In addition to projecting movies, Richland’s Neptune Theatre (housed in the same building as and operated by the Neptune Fire Company) also occasionally was the venue for live theatrical performances, such as the Richland School’s Junior and Senior plays.
And I vividly recall a performance that I saw there in the late 50s. Or at least I recall the first of the three plays presented that evening by Richland high school students.
It was called “How the Story Grew” and for some reason it made a very strong impression on me.
The plot went something like this (I recall the main outline but I’m inventing the details). It takes place in a small town, probably not unlike Richland. In the opening scene two women meet and discuss the house that has been vacant for some time. As it turned out, the first woman, let’s call her Rhoda, had that very morning seen a moving truck pull up to the house. In a spirit of neighborliness, Rhoda rang the doorbell to introduce herself and welcome the new family to the neighborhood, but she was greeted by someone in the house pulling down the window shades, which she found to be extremely rude.
In the following scene the second woman meets one of her neighbors and tells her the story of Rhoda and how the new family had chased her away from the house. In the next scene we see this third woman spreading the story to yet another neighbor but once again elaborating the details.
This goes on and eventually the story has morphed into the new neighbors killing poor Rhoda!
At this point, Rhoda reappears to explain that she tried again to meet the new neighbors and they turned out to be the new preacher and his family, and they simply hadn’t heard her ring the bell because it was broken.
In addition to recalling the main plot of that play, I also recall that the performers all had very pronounced Pennsylvania Dutch accents.
I was curious if I could find out just when this performance was given, and it didn’t take long to find a brief article in the Lebanon Daily News:
So the date of that performance was Tuesday March 18, 1958, which raises a question. Why was I allowed to attend the play on a school night, as my parents were pretty strict in those days about my getting to bed by 9 PM?
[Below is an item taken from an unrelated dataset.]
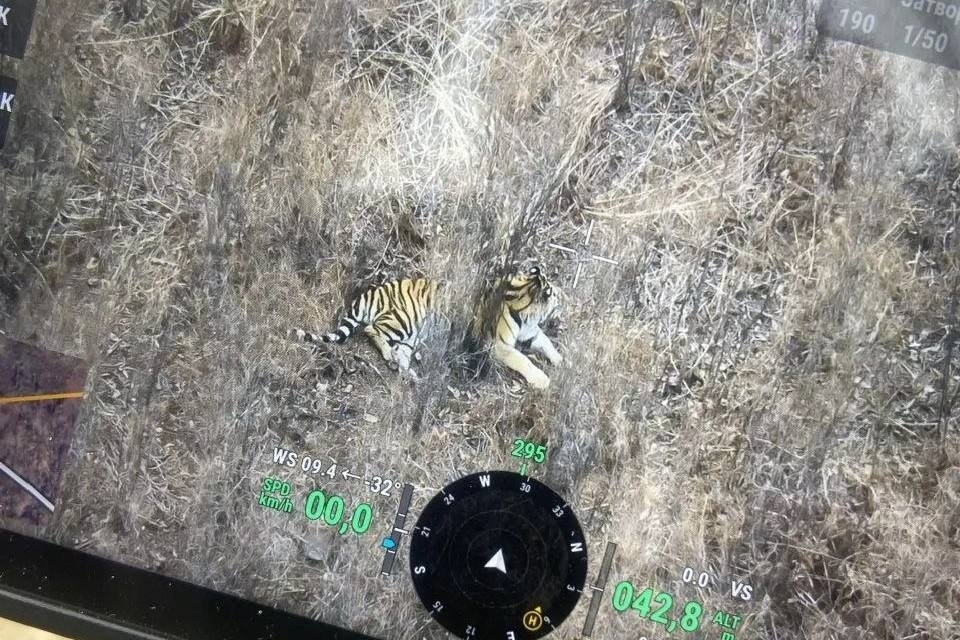 Женщина сбила амурского тигра ночью на трассе под Фокино - PrimaMedia: Лента новостей, 06.03.2026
But it does answer another question that I had. Why did I go to that performance when I don’t recall going to any other high school play in Richland? As it turns out, Willard Blecker, my first cousin once removed, was playing in the band that evening, although I have no recollection of any music. (The article spells his name wrong.)
I see that one of the directors of the plays was William Walborn, who would become my seventh grade history teacher as I detailed in a previous post.
And, of course, I recognize several other names in the article, like Nancy Hottenstein (who would be one of our baby sitters a year or so later), Ken Shanaman (who used to work for a spell behind the counter in the Snack Bar), Owen Landis (whose name I recall seeing scrawled on the sidewalk, though I’m certain that its claim of what he liked to eat was apocryphal), the Gails Rudy and Zeigler, as well as several others. Oddly, I don’t recognize any of the performers from “How the Story Grew”.
Oh, and a search of the web revealed that the one act play “How the Story Grew” was published in 1909 and written by Orissa W. Gleason. It’s billed as “A novelty entertainment in one act for women only” with nine characters (only eight names are listed in the newspaper article). It can be had for the low, low price of only $275!